NEWS TICKER
REVIEW: Some Girl I Used To Know, Streaming Online ✭✭✭
Published on
April 2, 2021
By
rayrackham
Ray Rackham reviews Denise Van Outen in Some Girl I Used To Know which is now streaming online until 1 May 2021.
Some Girl I Used To Know
Streamed Online
3 Stars
Stephanie, a “Chelmsford girl done good”, owns a high-end lingerie business and we meet her in a London hotel room on the eve of her spring/summer line’s launch. A great job, husband, BMW on the drive; she seems to have it all. But when a text from a lost love stops her in her tracks, we realise appearances might be deceptive. The lingerie business is exhausting, the BMW is on HP and the marriage has “been on a low light since the last World Cup”. What’s a girl to do?

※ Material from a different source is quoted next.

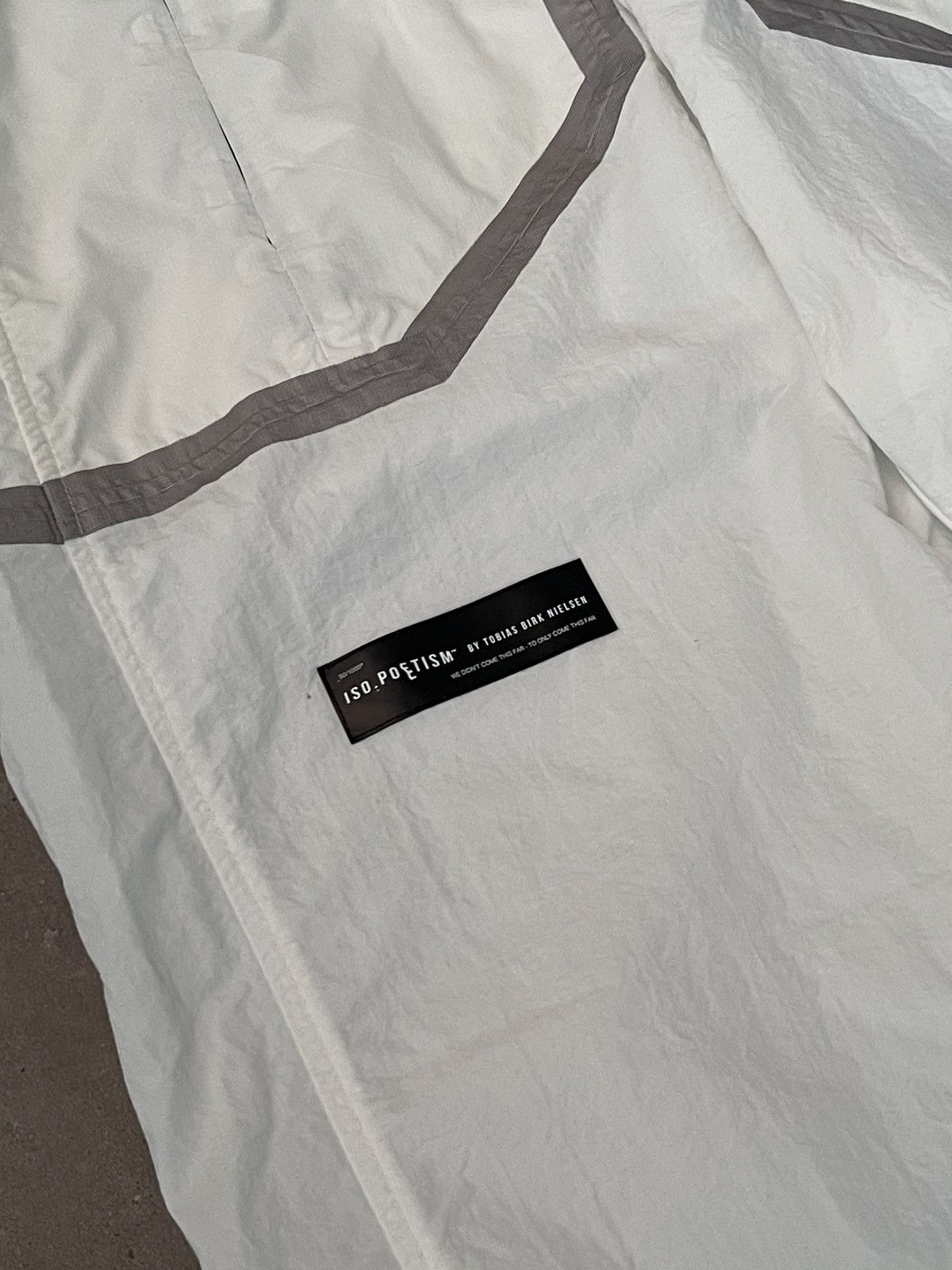 Tobias Birk Nielsen !DS! SS23 Iso Poetism Tobias Birk Nielsen White Nylon Pants Size US 34 / EU 50 - 11 Thumbnail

There is absolutely no doubt Denise Van Outen is a great actress. She plays Stephanie with unabashed truthfulness. The piece is also very beautifully directed by Tamzin Outhwaite. Together they have navigated the ebbs and flows of the piece, and deal with the important rhythms of a monologue performance with ease. It’s incredibly engaging, and the 90 odd minutes do fly by.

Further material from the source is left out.